2 研究の目的
今後、21世紀に向かって我国造船業の国際競争力を増強、発展させるための課題として、船舶の性能向上と性能設計・開発の効率化がある。このためには最適化に時間と費用がかかる水槽模型試験を中核とした従来の船型計画法から理論・実験に支援された数値計算を中核とする新しい船型計画法への転換が必要となる。これを達成するための実用的性能推定法の構築が強く期待されてきた。

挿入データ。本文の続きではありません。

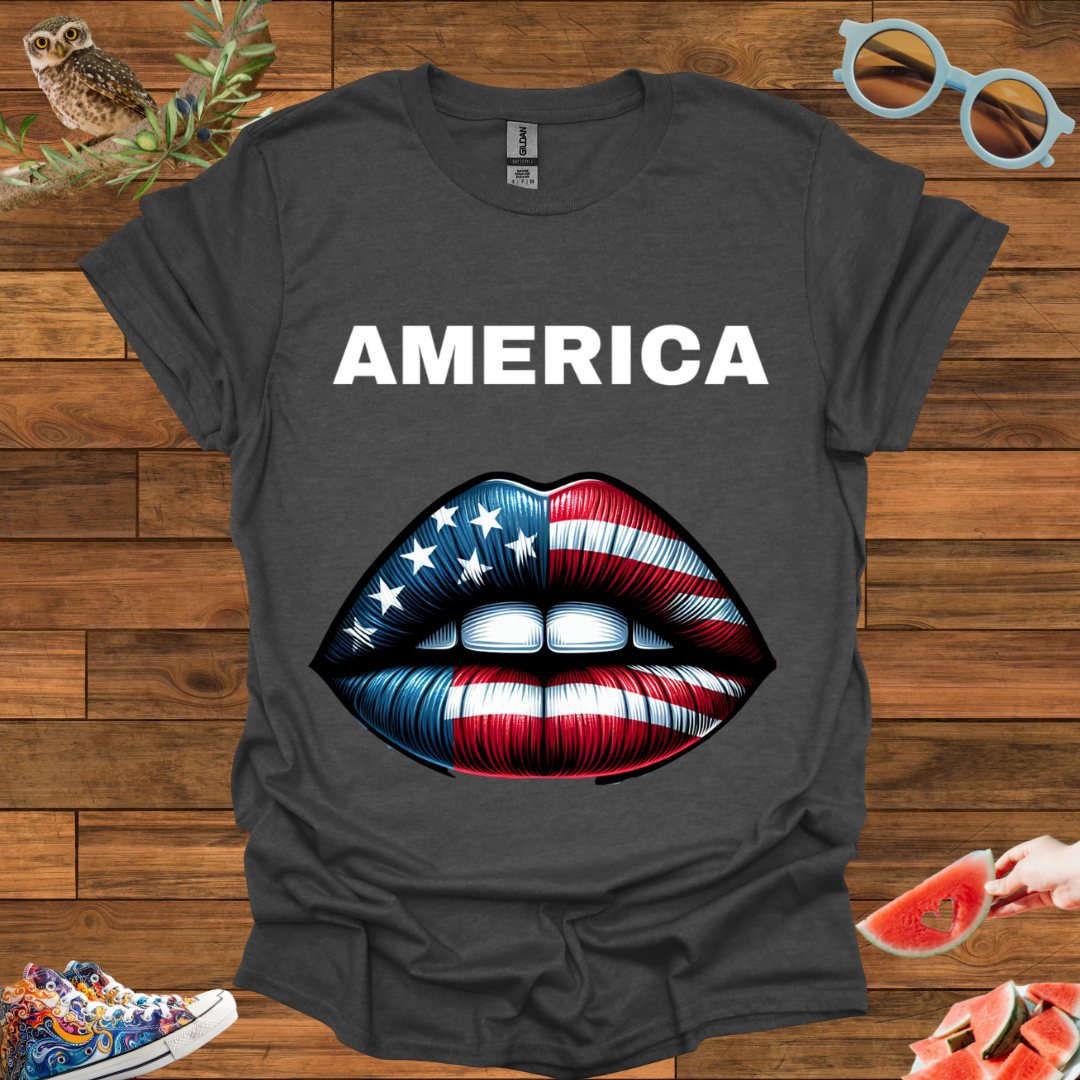 ZCKBDAmerican lip T-Shirt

VLCC等大型肥大船の船体周囲流場、とりわけ、船尾流場の挙動は船体の抵抗性能やプロペラ近傍の流れに与える影響が大きく、性能設計における極めて重要な流体力学的情報となっている。この推定法の高度化は船舶流体力学分野の中で最も難しい研究課題の1つであるが、これが達成できれば肥大船のみならず全ての船種の推進性能向上に波及的に役立つことになる。このため、従来から境界層理論などを中心とした多くの研究が試みられ、進歩をみてきたが、肥大船の船尾流場では剥離や縦渦の発生など極めて複雑な三次元的現象を伴う粘性流が支配していること、さらに造波やプロペラの影響が付加されて現象をより一層複雑にしていることなどにより、現在までこれらの問題に十分な精度で応え得る推定法が開発されていなかった。
これをブレークスルーする新しく高精度な方法として、数値流体力学(CFD)を利用した計算法の確立が強く要望されてきたが、主として、コンピュータの処理能力や表示能力の限界など計算環境条件の未発達により実用化研究までには至らなかった。しかし、1990年以降、数値計算技術、コンピュータ支援技術、計測可視化技術などの高度先端技術が飛躍的に発展することにより、いままで不可能と考えられていたCFDを基盤とした新しい大規模計算に挑む機が熟した。
本SR222「大型肥大船船尾流場推定法の高度化」は上述の要請に基づき、到来した技術環境を最大限に活用して各種推定法を評価改良し、従来達成し得なかった肥大船船尾粘性流場の物理的構造を明らかに出来る精度の高い実用的推定法を開発することを目的とし、これにより、新しい流体力学的設計法である「流場解析的船型計画法」の構築に役立てようとするものである。(図2.1にその概念図を示す。)